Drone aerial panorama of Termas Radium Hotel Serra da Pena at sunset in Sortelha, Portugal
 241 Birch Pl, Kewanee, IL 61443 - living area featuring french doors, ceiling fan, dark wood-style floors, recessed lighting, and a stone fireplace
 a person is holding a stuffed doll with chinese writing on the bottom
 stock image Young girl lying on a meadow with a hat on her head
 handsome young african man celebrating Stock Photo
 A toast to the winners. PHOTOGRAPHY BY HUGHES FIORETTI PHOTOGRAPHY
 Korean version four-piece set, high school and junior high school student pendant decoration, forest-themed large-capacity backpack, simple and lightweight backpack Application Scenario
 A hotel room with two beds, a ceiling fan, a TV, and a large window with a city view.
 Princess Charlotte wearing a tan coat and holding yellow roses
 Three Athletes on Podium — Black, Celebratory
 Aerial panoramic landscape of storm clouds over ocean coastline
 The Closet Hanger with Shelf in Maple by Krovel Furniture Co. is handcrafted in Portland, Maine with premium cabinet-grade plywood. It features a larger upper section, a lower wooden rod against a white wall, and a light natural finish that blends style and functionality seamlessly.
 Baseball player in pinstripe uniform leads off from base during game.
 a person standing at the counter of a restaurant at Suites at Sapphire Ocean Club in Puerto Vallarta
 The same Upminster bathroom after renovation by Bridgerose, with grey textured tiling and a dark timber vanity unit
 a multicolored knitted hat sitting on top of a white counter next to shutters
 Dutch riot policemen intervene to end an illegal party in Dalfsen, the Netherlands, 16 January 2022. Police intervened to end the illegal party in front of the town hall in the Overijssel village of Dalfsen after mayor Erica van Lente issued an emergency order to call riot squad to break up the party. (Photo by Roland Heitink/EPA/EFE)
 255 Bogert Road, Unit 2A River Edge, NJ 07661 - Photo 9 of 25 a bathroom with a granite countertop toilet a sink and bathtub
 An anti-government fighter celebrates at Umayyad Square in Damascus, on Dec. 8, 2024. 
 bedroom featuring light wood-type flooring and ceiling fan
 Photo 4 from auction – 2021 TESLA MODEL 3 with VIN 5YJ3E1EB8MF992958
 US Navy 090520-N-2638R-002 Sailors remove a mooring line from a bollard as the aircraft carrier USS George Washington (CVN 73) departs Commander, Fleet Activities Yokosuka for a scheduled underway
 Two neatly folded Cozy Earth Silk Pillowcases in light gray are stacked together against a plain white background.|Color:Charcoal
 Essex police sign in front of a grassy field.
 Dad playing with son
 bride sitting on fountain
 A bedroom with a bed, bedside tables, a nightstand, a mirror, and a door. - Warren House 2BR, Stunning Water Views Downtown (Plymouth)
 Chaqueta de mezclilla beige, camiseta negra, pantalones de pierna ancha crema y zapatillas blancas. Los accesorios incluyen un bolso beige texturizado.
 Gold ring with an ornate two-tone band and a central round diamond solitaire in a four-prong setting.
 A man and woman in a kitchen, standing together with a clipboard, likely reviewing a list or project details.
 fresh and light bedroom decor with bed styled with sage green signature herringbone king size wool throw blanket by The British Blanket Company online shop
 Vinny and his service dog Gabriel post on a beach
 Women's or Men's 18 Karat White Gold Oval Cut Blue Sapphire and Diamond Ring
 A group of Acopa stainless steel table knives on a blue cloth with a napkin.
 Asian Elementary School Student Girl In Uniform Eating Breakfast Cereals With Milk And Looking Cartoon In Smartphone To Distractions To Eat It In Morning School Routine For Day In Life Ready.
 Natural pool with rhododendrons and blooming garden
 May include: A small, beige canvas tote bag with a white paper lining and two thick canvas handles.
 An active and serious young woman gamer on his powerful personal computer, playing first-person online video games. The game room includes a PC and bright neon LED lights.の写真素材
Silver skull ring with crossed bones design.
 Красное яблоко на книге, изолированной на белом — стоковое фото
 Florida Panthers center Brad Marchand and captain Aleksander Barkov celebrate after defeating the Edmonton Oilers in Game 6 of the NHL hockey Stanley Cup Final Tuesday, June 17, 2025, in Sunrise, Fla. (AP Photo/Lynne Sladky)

^^^^

> TASK ITEM
Given the records above, reproduce precisely and only the lines between the line holding "Dad playing with son" and the line holding "Chaqueta de mezclilla", inclusive.

> SOLVED PROBLEM
 Dad playing with son
 bride sitting on fountain
 A bedroom with a bed, bedside tables, a nightstand, a mirror, and a door. - Warren House 2BR, Stunning Water Views Downtown (Plymouth)
 Chaqueta de mezclilla beige, camiseta negra, pantalones de pierna ancha crema y zapatillas blancas. Los accesorios incluyen un bolso beige texturizado.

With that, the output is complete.